Task brief: The expected output is the set of lines below beginning at the one that contains "Makeup artist reveals" and ending at the final line, reproduced exactly.

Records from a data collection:

________________________

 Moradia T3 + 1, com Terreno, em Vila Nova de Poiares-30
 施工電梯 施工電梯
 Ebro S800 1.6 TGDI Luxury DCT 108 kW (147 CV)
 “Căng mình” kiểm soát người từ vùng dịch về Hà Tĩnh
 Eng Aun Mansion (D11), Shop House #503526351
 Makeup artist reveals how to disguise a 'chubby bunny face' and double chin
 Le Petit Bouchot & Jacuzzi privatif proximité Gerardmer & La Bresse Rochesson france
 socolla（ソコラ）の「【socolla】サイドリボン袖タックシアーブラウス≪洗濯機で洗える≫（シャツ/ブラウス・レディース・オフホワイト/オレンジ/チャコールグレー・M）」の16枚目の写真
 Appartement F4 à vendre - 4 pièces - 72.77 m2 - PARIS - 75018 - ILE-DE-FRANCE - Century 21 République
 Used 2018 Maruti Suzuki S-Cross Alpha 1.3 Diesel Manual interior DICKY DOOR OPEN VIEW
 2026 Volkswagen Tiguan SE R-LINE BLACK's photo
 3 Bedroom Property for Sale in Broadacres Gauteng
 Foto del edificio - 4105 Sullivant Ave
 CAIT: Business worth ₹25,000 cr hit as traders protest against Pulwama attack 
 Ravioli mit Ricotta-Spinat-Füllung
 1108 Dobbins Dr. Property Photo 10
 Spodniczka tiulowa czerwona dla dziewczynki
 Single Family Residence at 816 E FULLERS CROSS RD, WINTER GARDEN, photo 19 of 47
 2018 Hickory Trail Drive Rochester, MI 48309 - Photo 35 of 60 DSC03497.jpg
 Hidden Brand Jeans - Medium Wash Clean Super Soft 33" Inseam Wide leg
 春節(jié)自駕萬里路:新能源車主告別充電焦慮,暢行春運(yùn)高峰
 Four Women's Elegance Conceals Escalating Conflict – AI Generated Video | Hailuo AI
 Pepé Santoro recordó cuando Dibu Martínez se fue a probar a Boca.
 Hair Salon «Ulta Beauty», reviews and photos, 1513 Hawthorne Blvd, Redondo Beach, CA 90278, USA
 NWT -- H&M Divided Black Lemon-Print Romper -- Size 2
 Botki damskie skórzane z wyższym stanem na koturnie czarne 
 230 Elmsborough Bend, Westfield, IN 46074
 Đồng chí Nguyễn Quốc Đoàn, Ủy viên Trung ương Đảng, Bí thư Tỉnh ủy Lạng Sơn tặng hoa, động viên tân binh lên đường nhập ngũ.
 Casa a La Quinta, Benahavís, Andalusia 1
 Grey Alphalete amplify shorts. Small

________________________

Task solution:
 Makeup artist reveals how to disguise a 'chubby bunny face' and double chin
 Le Petit Bouchot & Jacuzzi privatif proximité Gerardmer & La Bresse Rochesson france
 socolla（ソコラ）の「【socolla】サイドリボン袖タックシアーブラウス≪洗濯機で洗える≫（シャツ/ブラウス・レディース・オフホワイト/オレンジ/チャコールグレー・M）」の16枚目の写真
 Appartement F4 à vendre - 4 pièces - 72.77 m2 - PARIS - 75018 - ILE-DE-FRANCE - Century 21 République
 Used 2018 Maruti Suzuki S-Cross Alpha 1.3 Diesel Manual interior DICKY DOOR OPEN VIEW
 2026 Volkswagen Tiguan SE R-LINE BLACK's photo
 3 Bedroom Property for Sale in Broadacres Gauteng
 Foto del edificio - 4105 Sullivant Ave
 CAIT: Business worth ₹25,000 cr hit as traders protest against Pulwama attack 
 Ravioli mit Ricotta-Spinat-Füllung
 1108 Dobbins Dr. Property Photo 10
 Spodniczka tiulowa czerwona dla dziewczynki
 Single Family Residence at 816 E FULLERS CROSS RD, WINTER GARDEN, photo 19 of 47
 2018 Hickory Trail Drive Rochester, MI 48309 - Photo 35 of 60 DSC03497.jpg
 Hidden Brand Jeans - Medium Wash Clean Super Soft 33" Inseam Wide leg
 春節(jié)自駕萬里路:新能源車主告別充電焦慮,暢行春運(yùn)高峰
 Four Women's Elegance Conceals Escalating Conflict – AI Generated Video | Hailuo AI
 Pepé Santoro recordó cuando Dibu Martínez se fue a probar a Boca.
 Hair Salon «Ulta Beauty», reviews and photos, 1513 Hawthorne Blvd, Redondo Beach, CA 90278, USA
 NWT -- H&M Divided Black Lemon-Print Romper -- Size 2
 Botki damskie skórzane z wyższym stanem na koturnie czarne 
 230 Elmsborough Bend, Westfield, IN 46074
 Đồng chí Nguyễn Quốc Đoàn, Ủy viên Trung ương Đảng, Bí thư Tỉnh ủy Lạng Sơn tặng hoa, động viên tân binh lên đường nhập ngũ.
 Casa a La Quinta, Benahavís, Andalusia 1
 Grey Alphalete amplify shorts. Small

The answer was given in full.